[[ MATERIAL PROVIDED open ]]

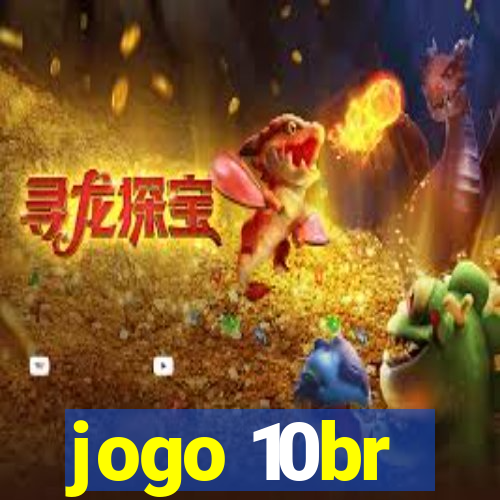 jogo 10br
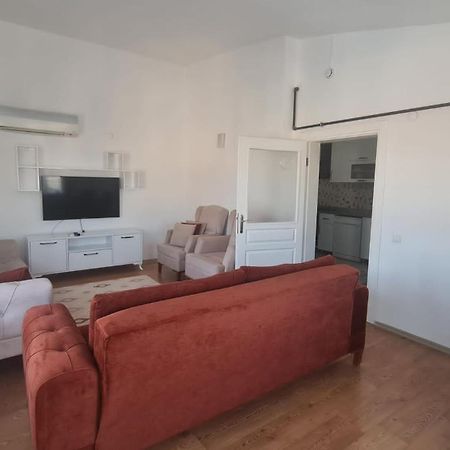 Konyaalti Furkan Family Antalya Exteriér fotografie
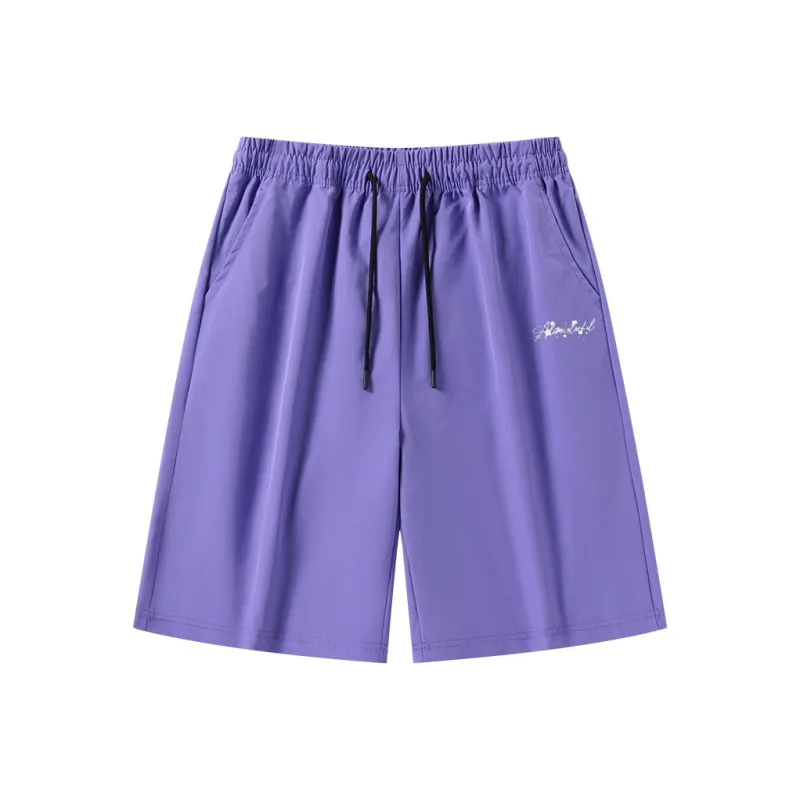 Colorful Creations Casual Shorts Unisex-15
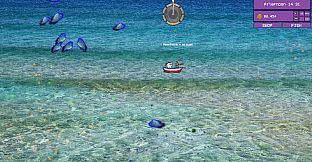 Desktop Tiny Tides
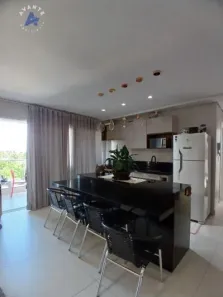Apartamento com 2 Quartos à venda, 80m² no Embaré, Santos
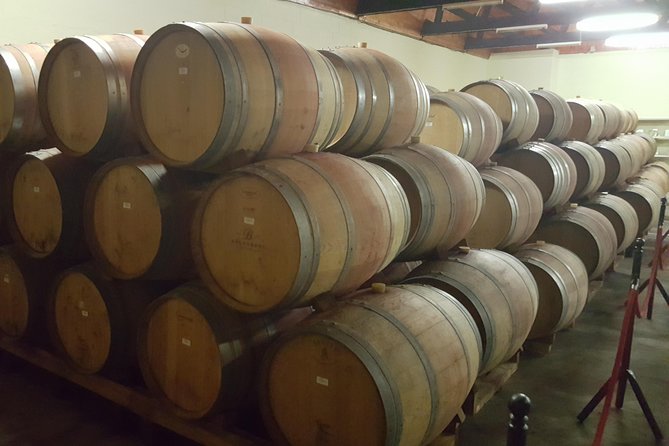 African Story Wine Tours in the Cape Winelands - Key points to know before booking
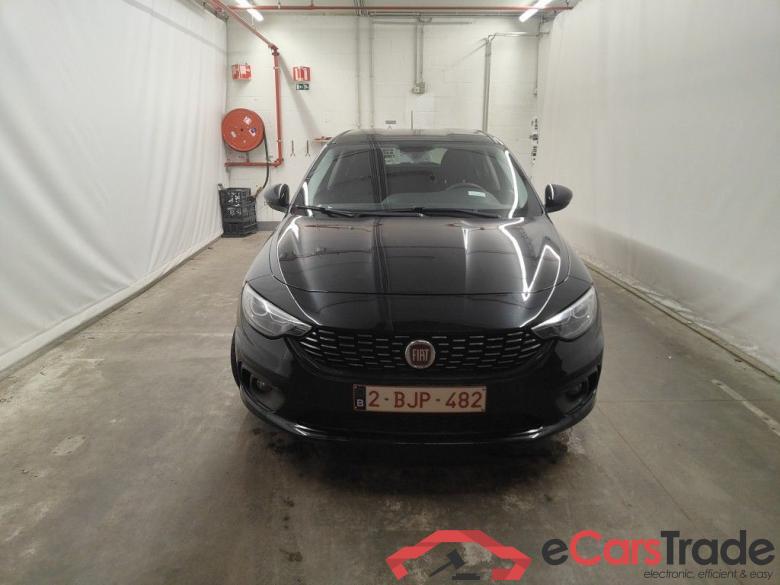 Fiat Tipo SW 1.4 Turbo 120ch/pk Easy 5d #1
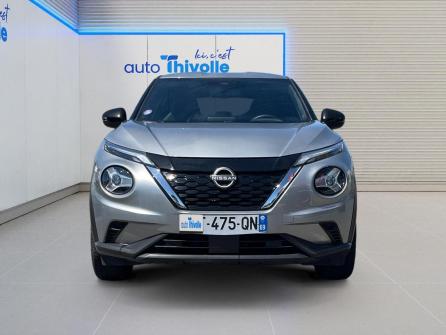 NISSAN Juke Juke HYBRID 143 N-Connecta à vendre à Villefranche-sur-Saône - Image n°8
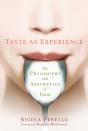 Taste As Experience - Preview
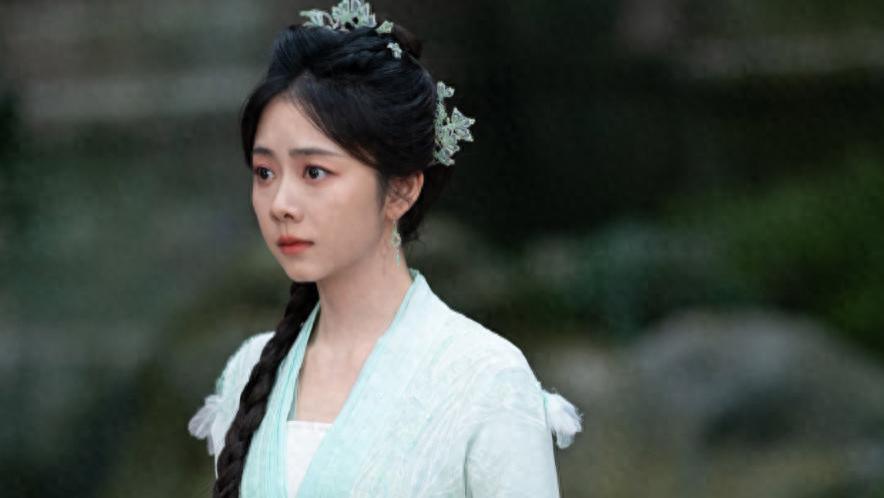 40集大制作仙侠剧，仅用11天就播完，赵丽颖当配角热度都不够高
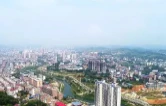 涟源：“一线工作”促重点项目快上快成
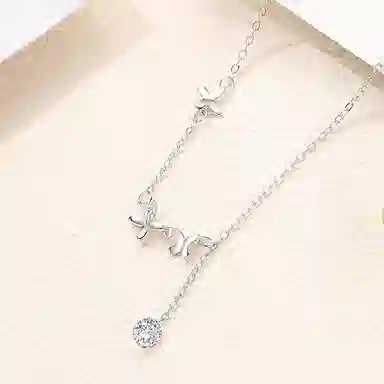 SHARK BABY choker S999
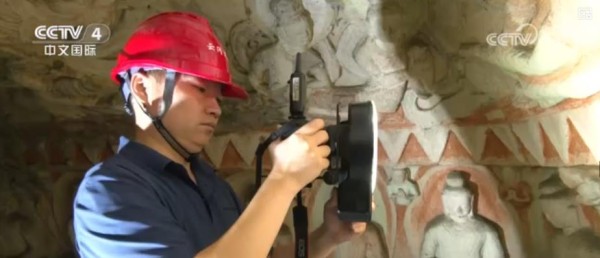 我国已初步建立石窟寺系统性保护体系：数字化技术让千年艺术焕发新生
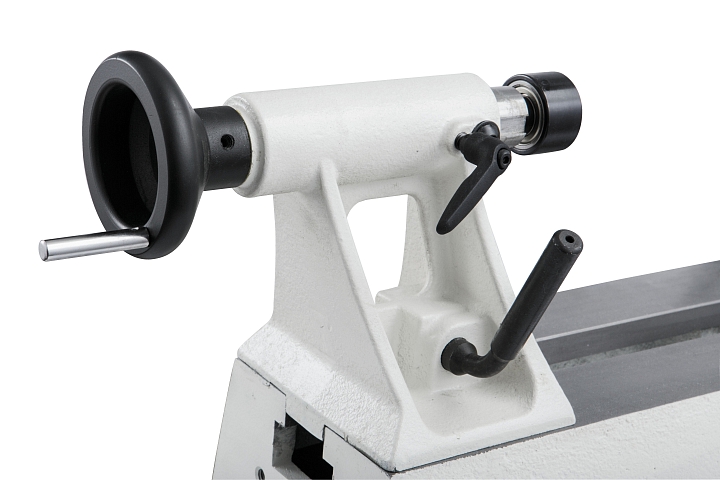 Станок токарный по дереву Jet JWL-1015VS – №6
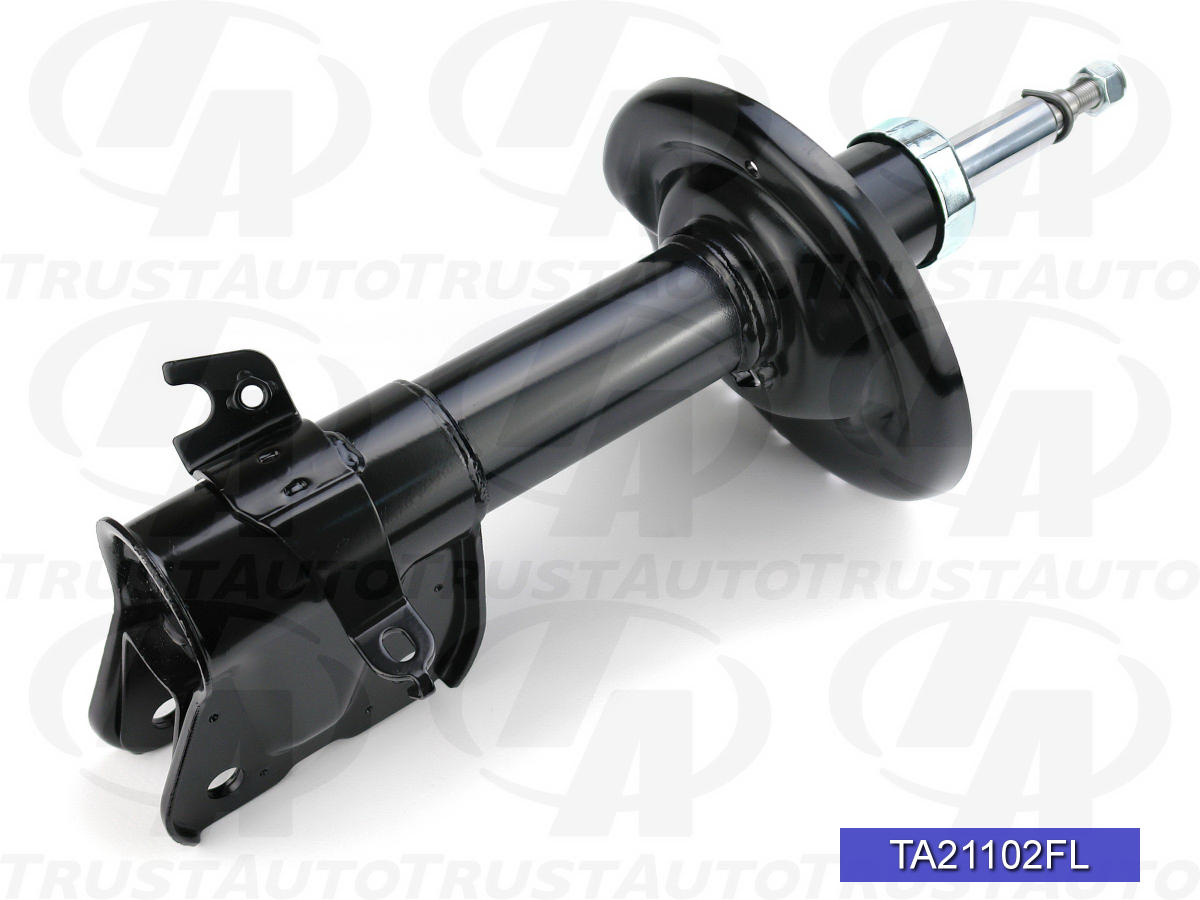Амортизатор передний левый TrustAuto TA21102FL Impreza WRX VAG 2014-2021 Levorg VM4 VMG 2014-2020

[[ MATERIAL PROVIDED closed ]]

§ WHAT IS REQUIRED: Could you set down exactly, and only, the lines from the line containing "Apartamento com 2" through the last line of the records, both included, without the pictures?

§ ANSWER SECTION:
Apartamento com 2 Quartos à venda, 80m² no Embaré, Santos
 African Story Wine Tours in the Cape Winelands - Key points to know before booking
 Fiat Tipo SW 1.4 Turbo 120ch/pk Easy 5d #1
 NISSAN Juke Juke HYBRID 143 N-Connecta à vendre à Villefranche-sur-Saône - Image n°8
 Taste As Experience - Preview
 40集大制作仙侠剧，仅用11天就播完，赵丽颖当配角热度都不够高
 涟源：“一线工作”促重点项目快上快成
 SHARK BABY choker S999
 我国已初步建立石窟寺系统性保护体系：数字化技术让千年艺术焕发新生
 Станок токарный по дереву Jet JWL-1015VS – №6
Амортизатор передний левый TrustAuto TA21102FL Impreza WRX VAG 2014-2021 Levorg VM4 VMG 2014-2020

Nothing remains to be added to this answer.